The expected result is every line of the records, printed exactly.

-------- PROVIDED DATA --------

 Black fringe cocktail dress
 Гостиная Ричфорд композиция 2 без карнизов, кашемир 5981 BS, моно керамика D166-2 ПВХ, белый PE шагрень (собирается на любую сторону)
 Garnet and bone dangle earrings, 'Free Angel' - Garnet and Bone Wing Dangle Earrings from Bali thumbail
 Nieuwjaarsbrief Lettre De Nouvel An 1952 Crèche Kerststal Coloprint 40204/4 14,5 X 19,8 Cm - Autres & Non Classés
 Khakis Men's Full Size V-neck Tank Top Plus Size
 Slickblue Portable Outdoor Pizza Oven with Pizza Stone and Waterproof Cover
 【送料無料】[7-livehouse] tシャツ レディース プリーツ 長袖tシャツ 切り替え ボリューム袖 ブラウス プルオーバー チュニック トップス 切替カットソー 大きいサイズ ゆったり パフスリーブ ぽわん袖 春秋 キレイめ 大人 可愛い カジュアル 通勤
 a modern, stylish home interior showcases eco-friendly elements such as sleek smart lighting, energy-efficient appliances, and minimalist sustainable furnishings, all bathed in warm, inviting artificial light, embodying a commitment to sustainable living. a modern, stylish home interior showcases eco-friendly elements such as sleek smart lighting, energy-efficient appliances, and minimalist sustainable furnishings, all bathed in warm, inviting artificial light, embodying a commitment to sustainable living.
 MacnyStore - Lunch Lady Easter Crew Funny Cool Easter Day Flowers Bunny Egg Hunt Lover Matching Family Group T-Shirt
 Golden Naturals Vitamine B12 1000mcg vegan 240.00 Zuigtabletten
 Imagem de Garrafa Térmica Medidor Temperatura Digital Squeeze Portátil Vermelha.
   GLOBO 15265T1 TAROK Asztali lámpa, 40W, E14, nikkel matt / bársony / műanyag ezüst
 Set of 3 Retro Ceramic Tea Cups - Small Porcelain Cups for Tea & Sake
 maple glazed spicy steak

--------

* _TASK RESPONSE_
 Black fringe cocktail dress
 Гостиная Ричфорд композиция 2 без карнизов, кашемир 5981 BS, моно керамика D166-2 ПВХ, белый PE шагрень (собирается на любую сторону)
 Garnet and bone dangle earrings, 'Free Angel' - Garnet and Bone Wing Dangle Earrings from Bali thumbail
 Nieuwjaarsbrief Lettre De Nouvel An 1952 Crèche Kerststal Coloprint 40204/4 14,5 X 19,8 Cm - Autres & Non Classés
 Khakis Men's Full Size V-neck Tank Top Plus Size
 Slickblue Portable Outdoor Pizza Oven with Pizza Stone and Waterproof Cover
 【送料無料】[7-livehouse] tシャツ レディース プリーツ 長袖tシャツ 切り替え ボリューム袖 ブラウス プルオーバー チュニック トップス 切替カットソー 大きいサイズ ゆったり パフスリーブ ぽわん袖 春秋 キレイめ 大人 可愛い カジュアル 通勤
 a modern, stylish home interior showcases eco-friendly elements such as sleek smart lighting, energy-efficient appliances, and minimalist sustainable furnishings, all bathed in warm, inviting artificial light, embodying a commitment to sustainable living. a modern, stylish home interior showcases eco-friendly elements such as sleek smart lighting, energy-efficient appliances, and minimalist sustainable furnishings, all bathed in warm, inviting artificial light, embodying a commitment to sustainable living.
 MacnyStore - Lunch Lady Easter Crew Funny Cool Easter Day Flowers Bunny Egg Hunt Lover Matching Family Group T-Shirt
 Golden Naturals Vitamine B12 1000mcg vegan 240.00 Zuigtabletten
 Imagem de Garrafa Térmica Medidor Temperatura Digital Squeeze Portátil Vermelha.
   GLOBO 15265T1 TAROK Asztali lámpa, 40W, E14, nikkel matt / bársony / műanyag ezüst
 Set of 3 Retro Ceramic Tea Cups - Small Porcelain Cups for Tea & Sake
 maple glazed spicy steak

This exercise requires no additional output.